Given a set of non-negative integers (e.g., $S = {3, 5, 9, 4, 8}$) and a target sum ($M = 16$), the goal is to determine if a subset of $S$ exists that adds up exactly to $M$.

The subset sum problem is a classic example of an NP-complete problem. This means it is both in the complexity class NP (a potential solution can be verified in polynomial time) and NP-hard (every other problem in NP can be reduced to it in polynomial time).

The brute force approach is an exact approach to solve the problem, but inefficient for a large number of list items, n.

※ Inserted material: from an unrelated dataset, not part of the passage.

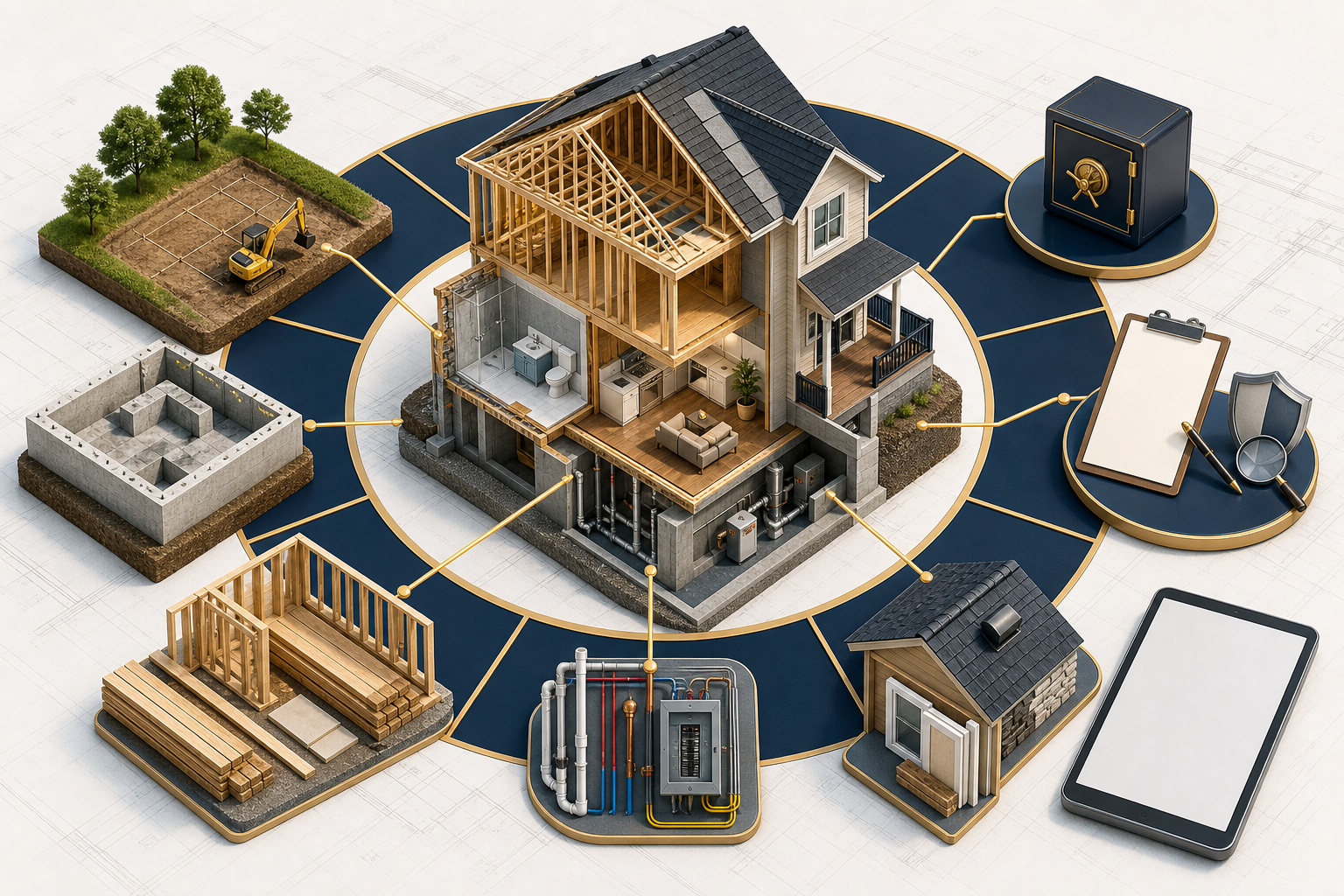 VA construction project budget categories graphic Cutaway home connected to land, foundation, framing, utilities, finishes, insurance, and contingency budget categories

🚀 Algorithms and Complexity

Approach	Description	Time Complexity	Notes
Brute Force	Tries every possible subset ($2^n$ total) to find the solution.	$\mathbf{O(2^n)}$ (Exponential)	Highly inefficient for large input sets.
Dynamic Programming	Builds a table of solutions to smaller subproblems ($DP[i][j]$).	$\mathbf{O(n \cdot M)}$ (Pseudo-polynomial)	Faster than Brute Force, but performance depends on the magnitude of the target sum ($M$).